• **Exercise materials**
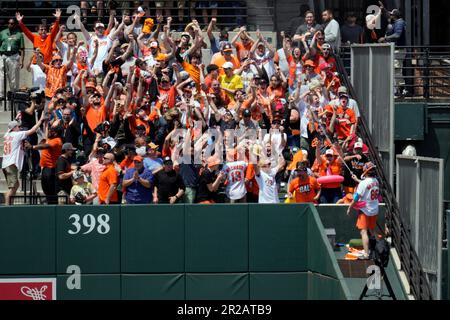 Mr. Splash sprays fans in the Bird Bath Splash Zone during the seventh  inning of a baseball game between the Baltimore Orioles and the Texas  Rangers, Friday, May 26, 2023, in Baltimore.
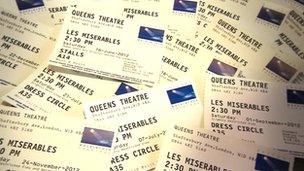 A pile of Les Miserables tickets belonging to Sally Frith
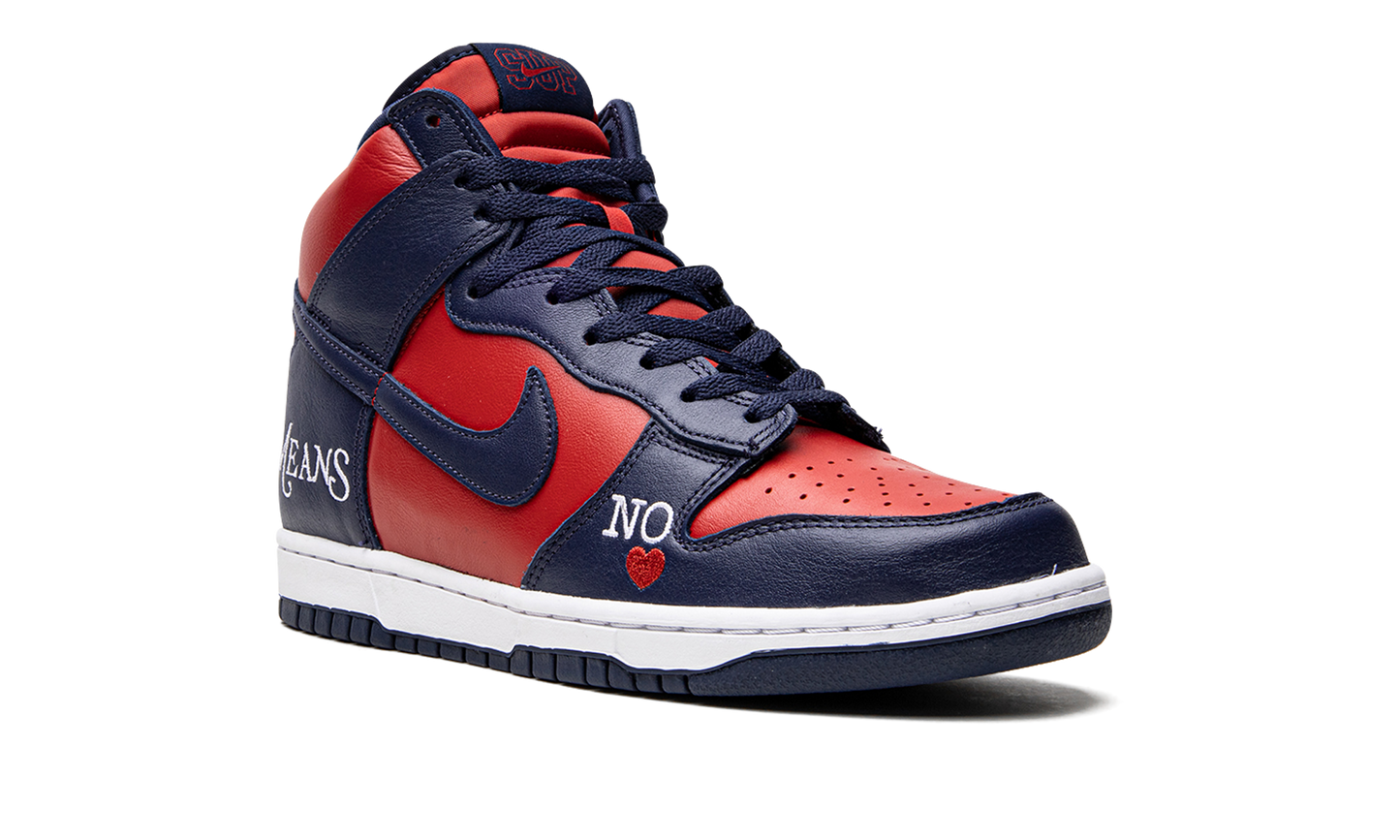 SB Dunk High "Supreme - By Any Means - Navy/Red"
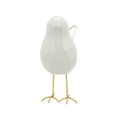 thumbnail image 2 of White Ceramic Bird Figurine with Gold Metal Accents - Modern Stoneware Decorative Sculpture for Home, Office, Bedroom, or Living Room Decor, 2 of 8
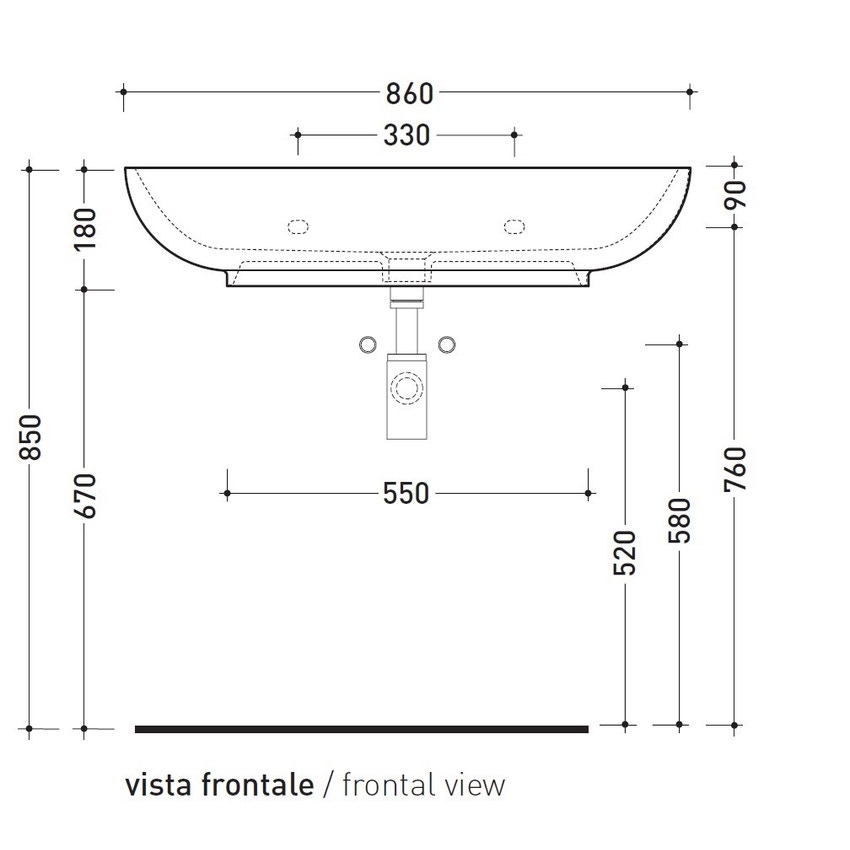 Flaminia 5081 NUDA 85 lavabo 86 cm sospeso o appoggio monoforo con  troppopieno, colore bianco finitura lucido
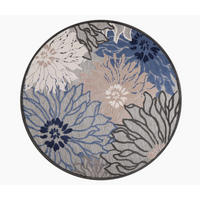 OUTDOORTEPPICH 150 cm Floral Grau, Blau  - Blau/Grau, LIFESTYLE, Kunststoff/Textil (150cm) - Novel
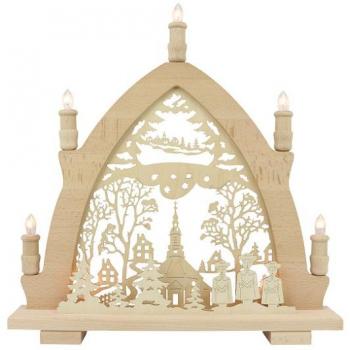 5-flg. Lichterbogen Seiffener Kirche in Buche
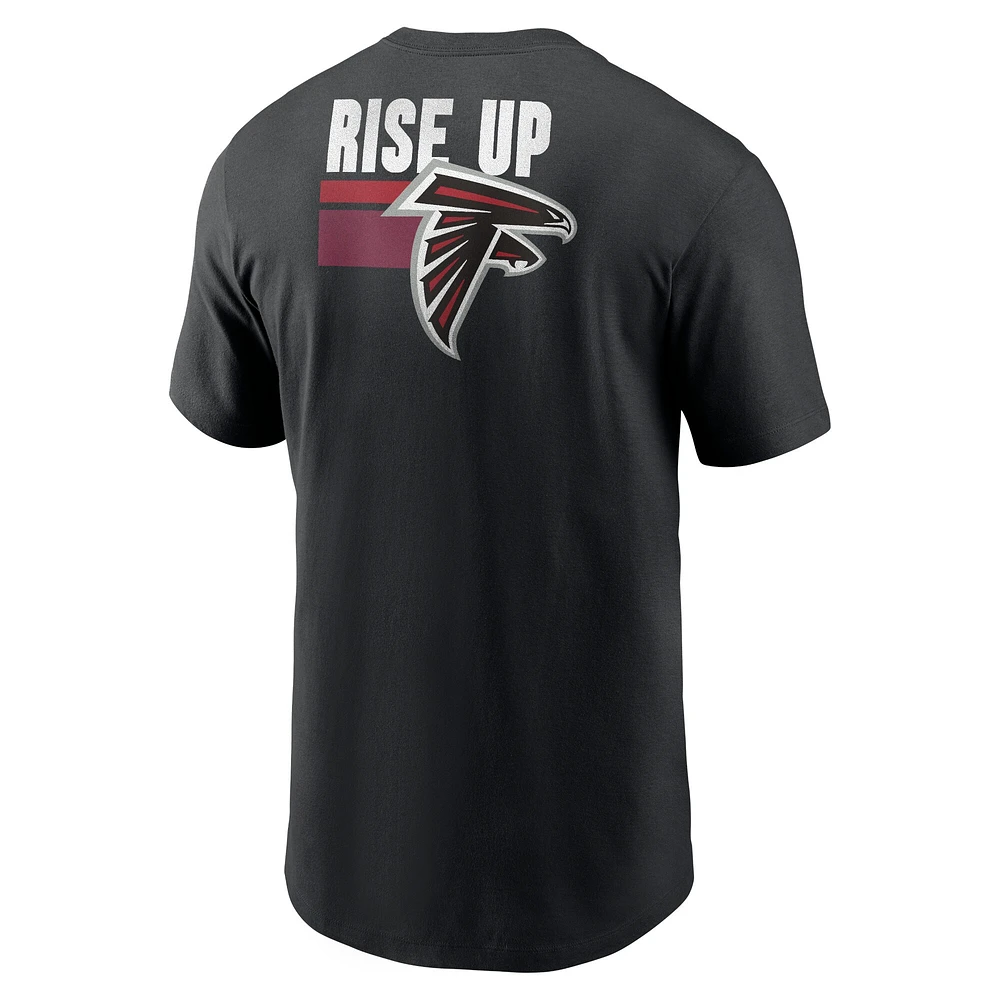 T-shirt essentiel Blitz des Falcons d'Atlanta Nike pour homme, noir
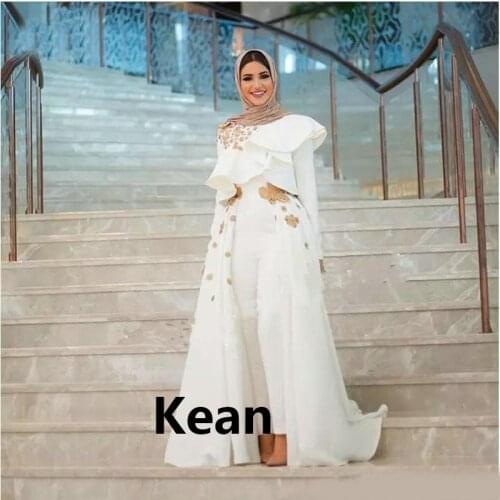 Ivory Pants Muslim Evening Dresses A-line Long Sleeves Gold Lace Hijab Islamic Dubai Saudi Arabic Long Formal Evening Gown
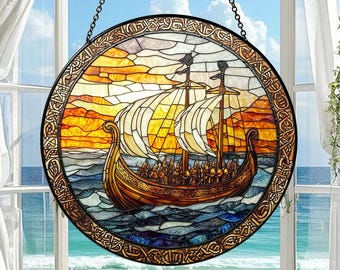 Viking Longship Suncatcher: Stained Glass Window Hanging - Etsy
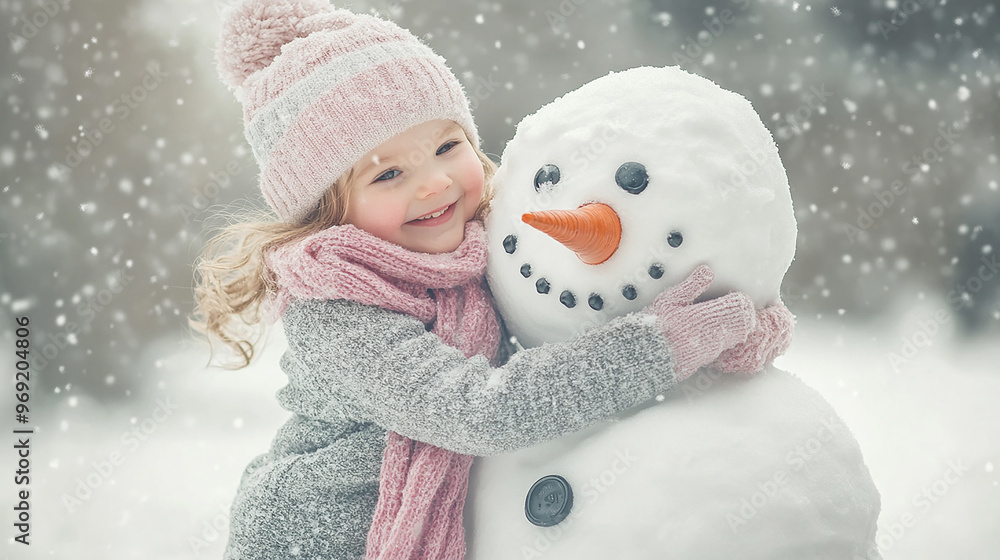 A little girl wearing a pink scarf and hat is playing with a snowman in a white world. She hugs the big snowman head A little girl wearing a pink scarf and hat is playing with a snowman in a white world. She hugs the big snowman head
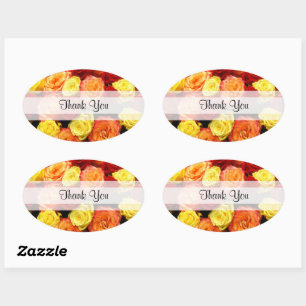 Pegatina Ovalada Rosas amarillas/rojas/naranjas personalizadas de "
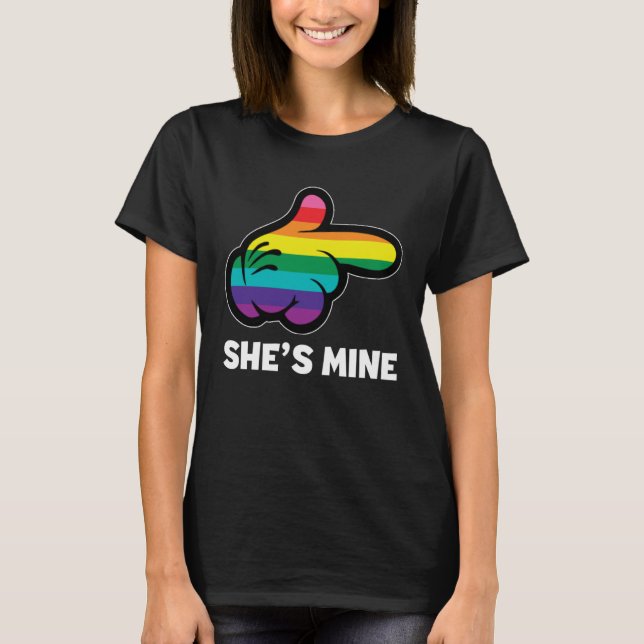 T-shirt I m Hers Rainbow Lesbian Couple LGBT Pride Matchin (Devant)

• **Exercise aim**
Everything in the material above is to be reproduced exactly, pictures aside.

• **Solved exercise**
 Mr. Splash sprays fans in the Bird Bath Splash Zone during the seventh  inning of a baseball game between the Baltimore Orioles and the Texas  Rangers, Friday, May 26, 2023, in Baltimore.
 A pile of Les Miserables tickets belonging to Sally Frith
 SB Dunk High "Supreme - By Any Means - Navy/Red"
 thumbnail image 2 of White Ceramic Bird Figurine with Gold Metal Accents - Modern Stoneware Decorative Sculpture for Home, Office, Bedroom, or Living Room Decor, 2 of 8
 Flaminia 5081 NUDA 85 lavabo 86 cm sospeso o appoggio monoforo con  troppopieno, colore bianco finitura lucido
 OUTDOORTEPPICH 150 cm Floral Grau, Blau  - Blau/Grau, LIFESTYLE, Kunststoff/Textil (150cm) - Novel
 5-flg. Lichterbogen Seiffener Kirche in Buche
 T-shirt essentiel Blitz des Falcons d'Atlanta Nike pour homme, noir
 Ivory Pants Muslim Evening Dresses A-line Long Sleeves Gold Lace Hijab Islamic Dubai Saudi Arabic Long Formal Evening Gown
 Viking Longship Suncatcher: Stained Glass Window Hanging - Etsy
 A little girl wearing a pink scarf and hat is playing with a snowman in a white world. She hugs the big snowman head A little girl wearing a pink scarf and hat is playing with a snowman in a white world. She hugs the big snowman head
 Pegatina Ovalada Rosas amarillas/rojas/naranjas personalizadas de "
 T-shirt I m Hers Rainbow Lesbian Couple LGBT Pride Matchin (Devant)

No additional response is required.